Offer to Purchase for Cash

by

The Hackett Group, Inc.

of

Up to $35.75 Million in Value of Shares of Its Common Stock

At a Purchase Price Not Greater than $6.50 per Share

Nor Less than $5.75 per Share

 

THE OFFER, PRORATION PERIOD AND WITHDRAWAL RIGHTS WILL EXPIRE AT 5:00 P.M., NEW YORK CITY TIME, ON SEPTEMBER 26, 2013, UNLESS THE OFFER IS EXTENDED (SUCH DATE AND TIME, AS THEY MAY BE EXTENDED, THE “EXPIRATION DATE”).

August 28, 2013

To Our Clients:

Enclosed for your consideration are the Offer to Purchase, dated August 28, 2013 (the “Offer to Purchase”), and Letter of Transmittal (which together, as they may be amended or supplemented from time to time, constitute the “Offer”) in connection with the offer by The Hackett Group, Inc., a Florida corporation (“Hackett”), to purchase for cash up to $35.75 million in value of shares of its common stock, par value $0.001 per share (the “Shares”), at a price not greater than $6.50 nor less than $5.75 per Share, to the seller in cash, less any applicable withholding taxes and without interest, upon the terms and subject to the conditions set forth in the Offer to Purchase and the Letter of Transmittal. Capitalized terms used herein and not defined herein shall have the meanings given to them in the Offer to Purchase. The description of the Offer in this letter is only a summary and is qualified by all of the terms and conditions of the Offer set forth in the Offer to Purchase and Letter of Transmittal.

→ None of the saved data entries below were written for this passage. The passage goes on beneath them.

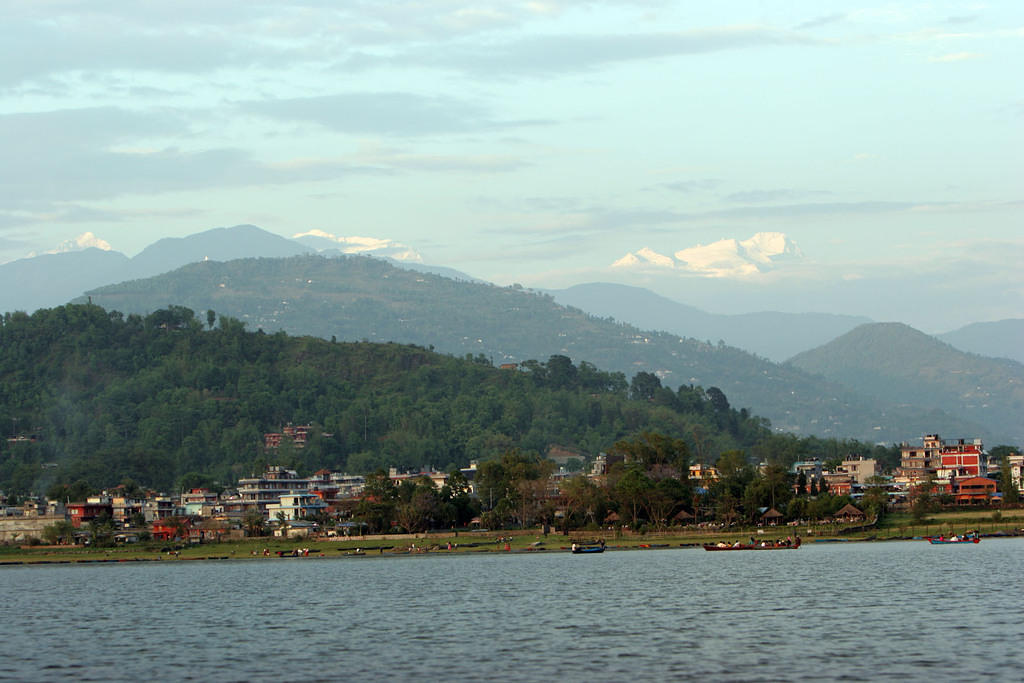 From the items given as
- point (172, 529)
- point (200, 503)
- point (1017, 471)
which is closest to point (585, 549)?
point (172, 529)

Hackett will, upon the terms and subject to the conditions of the Offer, determine a single per Share price that it will pay for Shares properly tendered, not properly withdrawn from and accepted pursuant to the Offer, taking into account the number of Shares so tendered and the prices specified by tendering stockholders. Hackett will select the single lowest purchase price, not greater than $6.50 nor less than $5.75 per Share, that will allow it to purchase $35.75 million in value of Shares, or a lower amount depending on the number of Shares properly tendered, not properly withdrawn from and accepted pursuant to the Offer. If, based on the Final Purchase Price (defined below), Shares having an aggregate value of less than $35.75 million are properly tendered, not properly withdrawn from and accepted pursuant to the Offer, Hackett will buy all Shares properly tendered, not properly withdrawn from and accepted pursuant to the Offer. The price Hackett will select is sometimes referred to as the “Final Purchase Price.” All Shares properly tendered prior to the Expiration Date at prices at or below the Final Purchase Price and not properly withdrawn will be purchased in the Offer at the Final Purchase Price, upon the terms and subject to the conditions of the Offer, including the proration and conditional tender provisions described in the Offer to Purchase. Under no circumstances will interest be paid on the purchase price for the Shares, regardless of any delay in making such payment. All Shares acquired in the Offer will be acquired at the Final Purchase Price. Hackett reserves the right, in its sole discretion, to change the per Share purchase price range and to increase or decrease the value of Shares sought in the Offer, subject to applicable law. In accordance with the rules of the SEC, we may increase the number of Shares accepted for payment in the Offer by no more than 2% of the outstanding Shares without amending or extending the Offer.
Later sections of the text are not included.